» **YOUR TASK**: Reproduce exactly the line that contains "Buy Used Toyota Coaster White Car in Windhoek in Namibia Buy" and all lines that follow it in the records below, ending with the last one.

(Crawled caption data)
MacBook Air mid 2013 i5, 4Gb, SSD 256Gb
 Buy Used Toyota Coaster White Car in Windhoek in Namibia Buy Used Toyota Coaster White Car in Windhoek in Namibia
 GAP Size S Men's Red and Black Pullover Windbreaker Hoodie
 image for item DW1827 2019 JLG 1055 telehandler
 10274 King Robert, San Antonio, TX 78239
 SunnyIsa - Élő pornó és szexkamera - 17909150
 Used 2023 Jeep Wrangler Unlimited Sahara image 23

» **RESULT FOR THIS TASK**:
 Buy Used Toyota Coaster White Car in Windhoek in Namibia Buy Used Toyota Coaster White Car in Windhoek in Namibia
 GAP Size S Men's Red and Black Pullover Windbreaker Hoodie
 image for item DW1827 2019 JLG 1055 telehandler
 10274 King Robert, San Antonio, TX 78239
 SunnyIsa - Élő pornó és szexkamera - 17909150
 Used 2023 Jeep Wrangler Unlimited Sahara image 23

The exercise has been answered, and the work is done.